The Liberty Gazette
July 25, 2023
Ely Air Lines
By Mike Ely and Linda Street-Ely
A couple of weeks ago we alluded to an interesting exchange of ownership of a certain P51C “Thunderbird.”
Jimmy Stewart, who acted in nearly a hundred movies and TV shows between 1935 and 1991, interrupted playtime when he enlisted in the Army Air Corps. He was a bomber pilot during WWII, eventually reaching the rank of Brigadier General, the highest rank of any celeb. He was a rare bird, decorated with several military medals.
A couple of years after his fabulous performance in “It’s a Wonderful Life,” Stewart went in halfsies with another pilot, Joe De Bona, to buy this P51C. They gussied it up, allegedly with 48 coats of primer and cobalt blue paint, which allegedly made it fly faster, and entered it in the Bendix Trophy Race (1949), which went from Burbank, California to Cleveland, Ohio. De Bona won the race in just over four hours and sixteen minutes, an average speed of 470 mph and a new record. He beat second-place Stan Reaver by eleven minutes.

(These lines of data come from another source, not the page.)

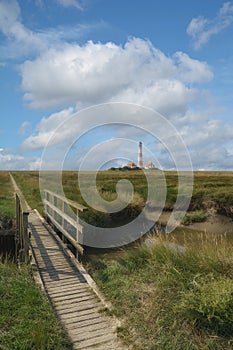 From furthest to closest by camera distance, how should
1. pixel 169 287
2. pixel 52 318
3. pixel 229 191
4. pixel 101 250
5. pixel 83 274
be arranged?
pixel 229 191 → pixel 101 250 → pixel 83 274 → pixel 169 287 → pixel 52 318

Two months later, they sold the plane to Jackie Cochran for “$1 and other considerations.” It was her third P51. She wanted it for setting two international records and a U.S. National record. Soon as she checked that off the list, she sold it right back to the Stewart-De Bona team for “$1 and other considerations” just in time for Queen Elizabeth II’s coronation. No, the queen didn’t go air racing, but her image sure did.
The coronation was the biggest news of June 2, 1953. The ceremony and celebrations were broadcast live in the UK, but the technology at the time made it expensive to televise live in the U.S. They’d need a copy of the film, and you know how competitive the networks are. CBS hired Joe De Bona in the record-breaking P51C. NBC hired second-place-Stan in another P51. Rivals for rivals!
The race was on from there to Boston. They left Goose Bay around 2:00 p.m. When it became apparent that ice was slowing Stan’s flight, before 4:00 p.m., an executive with NBC called someone at ABC and made some kind of deal that resulted in access to the coverage provided by the Canadian Broadcasting Corporation, which would mean they wouldn’t have to wait for Stan to land. But after all the trouble they went to, the Canadian broadcaster was showing Canadian celebrations, not the ones in London. De Bona landed at 4:13 p.m., and CBS rushed to broadcast. But just then, the Canadian broadcaster switched over to London coverage at 4:19, giving NBC a four-minute lead over CBS, even while their own film was still in the air. Second-Place-Stan landed at 4:37 p.m.
The next year, De Bona flew the Thunderbird from Los Angeles to New York in four hours, 24 minutes, and 17 seconds. The record, just over 561 mph, still stands for west-to-east prop-driven aircraft.